Saat berjalan menyusuri gang gelap, dia menemukan poster dirinya yang lain yang ditempel di dinding. Tangannya meraih untuk menarik poster itu, merobeknya tidak rata karena sebagian kertasnya menempel erat di dinding. Tangannya meremas kertas itu dan dia menatap dengan marah.
Dia sudah sangat dekat untuk menemukan kebenaran tentang tugas itu, tetapi alih-alih menyelesaikan pekerjaannya dan kembali ke Mythweald, dia malah terjebak di Bonelake. Dia tidak hanya kehilangan buku yang diberikan Sabbi kepadanya, tetapi fotonya di pos tersebar di mana-mana sehingga menyulitkannya untuk mencari buku tersebut.
Setiap kali seseorang melihat wajahnya seolah-olah itu familiar, hal itu membuatnya sulit untuk berjalan lagi ke sana. Mencuri adalah satu-satunya hal yang dia tahu dan andalkan. Laurae harus menemukan buku itu dengan cepat dan kembali ke Mythweald, jika tidak, tidak ada yang tahu apakah dia akan dibunuh oleh manusia dan vampir demi uang atau apakah dia akan dibunuh oleh Sabbi sendiri.

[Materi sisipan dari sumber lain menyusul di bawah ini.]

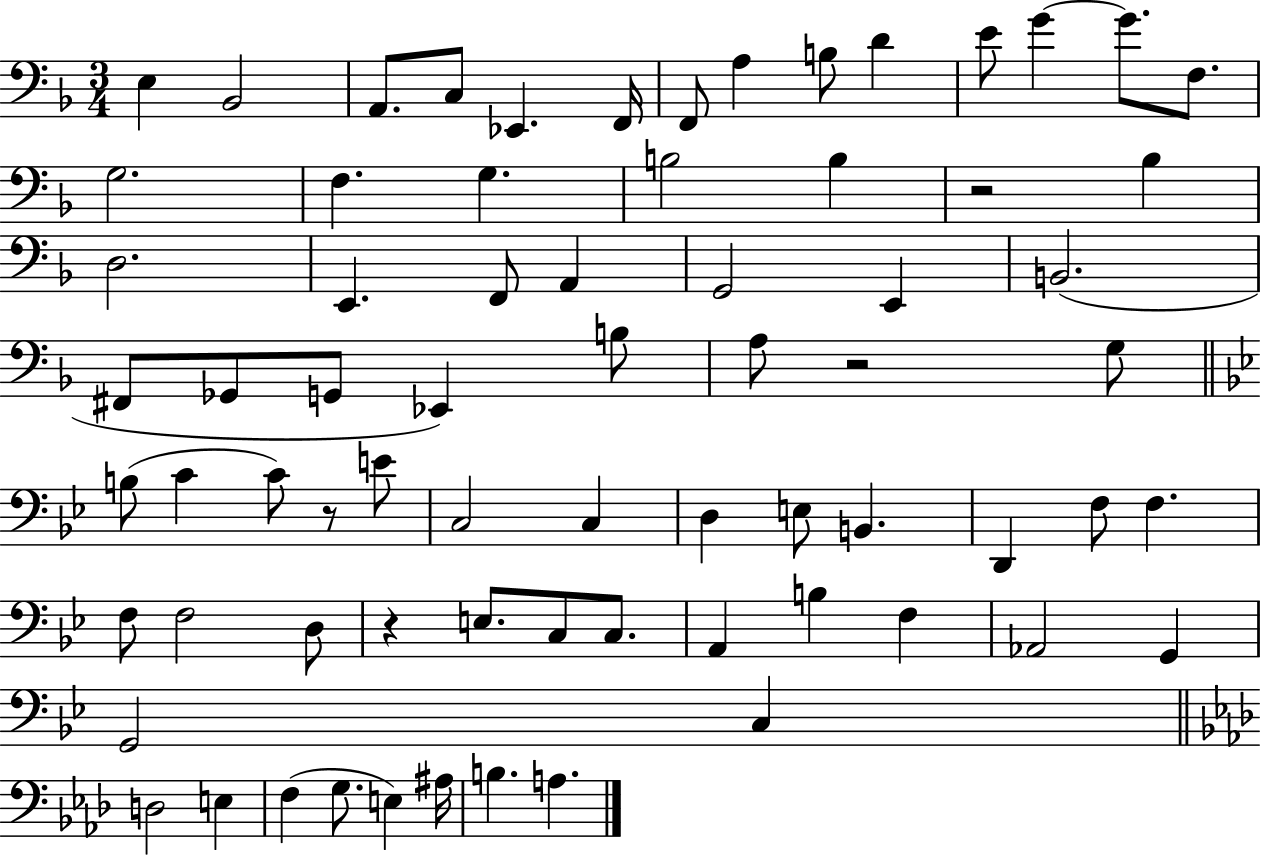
{
  \clef bass
  \numericTimeSignature
  \time 3/4
  \key f \major
  \repeat volta 2 { e4 bes,2 | a,8. c8 ees,4. f,16 | f,8 a4 b8 d'4 | e'8 g'4~~ g'8. f8. | \break g2. | f4. g4. | b2 b4 | r2 bes4 | \break d2. | e,4. f,8 a,4 | g,2 e,4 | b,2.( | \break fis,8 ges,8 g,8 ees,4) b8 | a8 r2 g8 | \bar "||" \break \key bes \major b8( c'4 c'8) r8 e'8 | c2 c4 | d4 e8 b,4. | d,4 f8 f4. | \break f8 f2 d8 | r4 e8. c8 c8. | a,4 b4 f4 | aes,2 g,4 | \break g,2 c4 | \bar "||" \break \key aes \major d2 e4 | f4( g8. e4) ais16 | b4. a4. | } \bar "|."
}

Laurae terus berjalan, berharap mendapatkan bantuan yang dibutuhkannya, dan tepat sebelum dia meninggalkan gang, orang-orang yang berdiri di sekitar sudut gang mencoba merampoknya. Saat melawan mereka, tudung kepalanya terlepas dan salah satu pria itu menyadarinya lalu berkata,
“Bukankah dia yang ada di poster itu!”
Orang lain yang memeganginya menatap wanita itu karena tampak familiar. Sebelum mereka sempat menangkap dan menyeretnya, wanita itu dengan cepat melepaskan diri dari tangan mereka dengan melemparkan sebutir kacang yang meledak menjadi gas yang membuat mata mereka berair. Dia berlari secepat mungkin menjauh dari kerumunan dan berhenti setelah beberapa jarak.
Saat menoleh ke jendela berdebu yang tertutup tirai, dia melihat bagaimana penampilannya telah berubah. Pipinya menjadi cekung dan kulitnya kering, kecantikan yang selama ini disayanginya telah hilang dan dia tampak tua sekarang, seolah-olah usia sebenarnya sedang berusaha mengejar tubuhnya.
Kemarahan semakin memuncak terhadap siapa pun yang berani memasang hadiah untuk penangkapannya.
Mengetahui hanya ada satu tempat di mana dia bisa mendapatkan perlindungan di seluruh Bonelake ini, dia mulai melakukan perjalanan ke sana hanya untuk terus didorong semakin jauh karena dia dikejar oleh manusia yang bersumpah untuk membakarnya tanpa perlu menetapkan hadiah buronan.
Setelah beberapa hari, Mila menerima laporan tentang apa yang sedang dilakukan Laurae dan dia kembali ke Sabbi untuk memberi tahu penyihir hitam itu,
“Mereka bilang dia ada di Bonelake dan wajahnya ada di setiap sisi dinding dan pepohonan.”
Sabbi sedang menyeruput tehnya dan dia berhenti sejenak untuk menatap Mila, “Apa yang dia lakukan?”
“Tidak ada laporan tentang dari mana asap itu berasal. Tidak ada kejadian yang tercatat,” jawab Mila.
Sabbi menghela napas pelan, “Asap hanya ada jika ada api. Aku tidak peduli dari mana api itu berasal. Bagaimana dengan bukunya?”
Mila mengerutkan bibir ketika Sabbi bertanya, lalu berkata, “Para pemburu penyihir mengatakan mereka mengikutinya selama lebih dari tiga hari. Tapi mereka tidak menemukan buku apa pun padanya,” meskipun gadis muda itu tidak mengubah ekspresi wajahnya, Mila bisa tahu bahwa dia tidak senang dengan berita ini, “Kurasa dia tidak memilikinya.”
“Suruh mereka mencari tahu kepada siapa dia memberikan buku itu jika dia bermain di kedua sisi. Bunuh dia,” kata Sabbi dan Mila mengangguk, lalu kembali untuk menyampaikan berita agar beberapa pemburu penyihir dapat menerima informasi tersebut.